Not sure if I was able to reproduce this one! Had gotten an email awhile back, not sure if there are updates
I made a test schema with some data like this
chado=# select * from analysisfeature;
analysisfeature_id | feature_id | analysis_id | rawscore | normscore | significance | identity
--------------------+------------+-------------+----------+-----------+--------------+----------
8 | 8 | 5 | | | |
9 | 9 | 5 | | | |
10 | 10 | 5 | | | |
12 | 9 | 6 | | | |
11 | 8 | 6 | | | |
13 | 10 | 6 | | | |
(6 rows)
chado=# select feature_id,dbxref_id,organism_id,name,uniquename,seqlen,md5checksum,type_id,is_analysis,is_obsolete,timeaccessioned,timelastmodified from feature;
feature_id | dbxref_id | organism_id | name | uniquename | seqlen | md5checksum | type_id | is_analysis | is_obsolete | timeaccessioned | timelastmodified
------------+-----------+-------------+-------+------------+--------+-------------+---------+-------------+-------------+----------------------------+----------------------------
5 | | 5 | ctgB | ctgB | 6079 | | 638 | t | f | 2017-01-19 21:08:22.238024 | 2017-01-19 21:08:22.238024
6 | | 5 | ctgA | ctgA | 50001 | | 638 | t | f | 2017-01-19 21:08:22.238024 | 2017-01-19 21:08:22.238024
8 | | 5 | match | match | | | 1319 | t | f | 2017-01-19 21:08:27.395593 | 2017-01-19 21:08:27.395593
9 | | 5 | part1 | part1 | | | 2278 | t | f | 2017-01-19 21:08:27.395593 | 2017-01-19 21:08:27.395593
10 | | 5 | part2 | part2 | | | 2278 | t | f | 2017-01-19 21:08:27.395593 | 2017-01-19 21:08:27.395593
(5 rows)
chado=# select * from analysis;
analysis_id | name | description | program | programversion | algorithm | sourcename | sourceversion | sourceuri | timeexecuted
-------------+-----------+-------------+---------+----------------+-----------+------------+---------------+-----------+----------------------------
5 | analysis1 | | | null | | | | | 2017-01-19 21:08:22.238024
6 | analysis2 | | | null | | | | | 2017-01-19 21:08:22.238024
(2 rows)
Then use prepare-refseqs with volvox.fa and biodb-to-json.pl on something like this
{
"tracks" : [
{
"feature" : [
"match"
],
"track" : "alignments"
}
],
"TRACK DEFAULTS" : {
"autocomplete" : "all",
"class" : "feature"
},
"db_args" : {
"-dsn":"dbi:Pg:dbname=chado;host=localhost",
"-user":"yyyyyyyyyyyyyyyyyy",
"-pass":"xxxxxxxxxxxxxxxx"
},
"description" : "Volvox Example Database",
"db_adaptor" : "Bio::DB::Das::Chado"
}
It didn't seem that this output had any duplicate features though
Ok, after lots of digging, it appears that Bio::DB::Das::Chado::Segment in the sub features
subroutine, uses the following query to identify distinct sequences:
my $select_part = "select distinct f.name,fl.fmin,fl.fmax,fl.strand,fl.phase,"

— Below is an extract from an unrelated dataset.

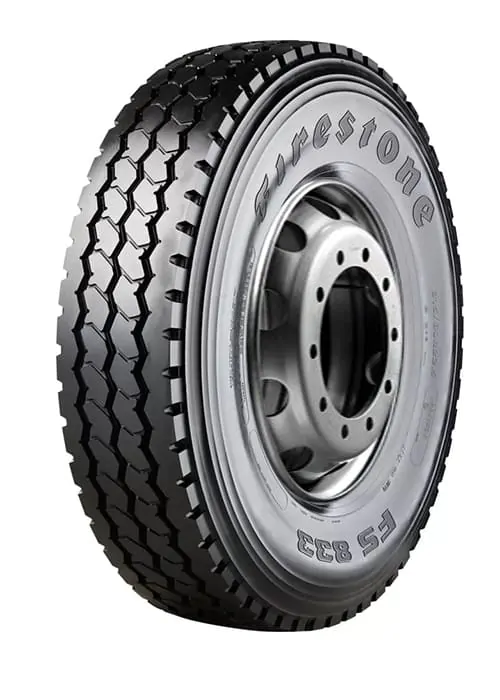 Вантажні шини Firestone FS833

."fl.locgroup,fl.srcfeature_id,f.type_id,f.uniquename,"
."f.feature_id, af.significance as score, "
."fd.dbxref_id,f.is_obsolete ";
my $order_by = "order by f.type_id,fl.fmin ";
which leads me to believe that the important part here is the SELECT DISTINCT using af.significance
. Could you try changing your test data to have distinct values for significance, which I think would lead to replication of the duplicate features problem.
For reference: http://cpansearch.perl.org/src/SCAIN/Bio-DB-Das-Chado-0.35a/lib/Bio/DB/Das/Chado/Segment.pm
The relevant call to Bio::DB::Das::Chado::Segment https://github.com/GMOD/jbrowse/blob/dd5e7a9e65b9cff9920d1857c677ecf89b009150/src/perl5/Bio/JBrowse/Cmd/BioDBToJson.pm#L106-L107
A possible solution may be to filter out duplicate features present in $db_stream
in Bio::JBrowse::Cmd::BioDbToJson. This should probably be controlled by a config option specific to each track.
changing a significance value does indeed seem to duplicate the features!
But if the data for two different features is not the same, don't we want to treat them as two distinct features?
This is occurring when a single feature has multiple analysis values. There is only one feature, so the physical location (and feature_id) is identical in the database.
The bug is causing feature duplication when there are multiple analysisfeatures associated with a single feature that have distinct significance values (see my Feb 15th comment about Bio::DB::Das::Chado::Segment
). This can happen when you have two statistics, eg. p(HeterozygoteExcess) and p(HeterozygoteDeficit), for a single feature, in this case a SNP. I don't think adding analyses should translate to duplicating the features.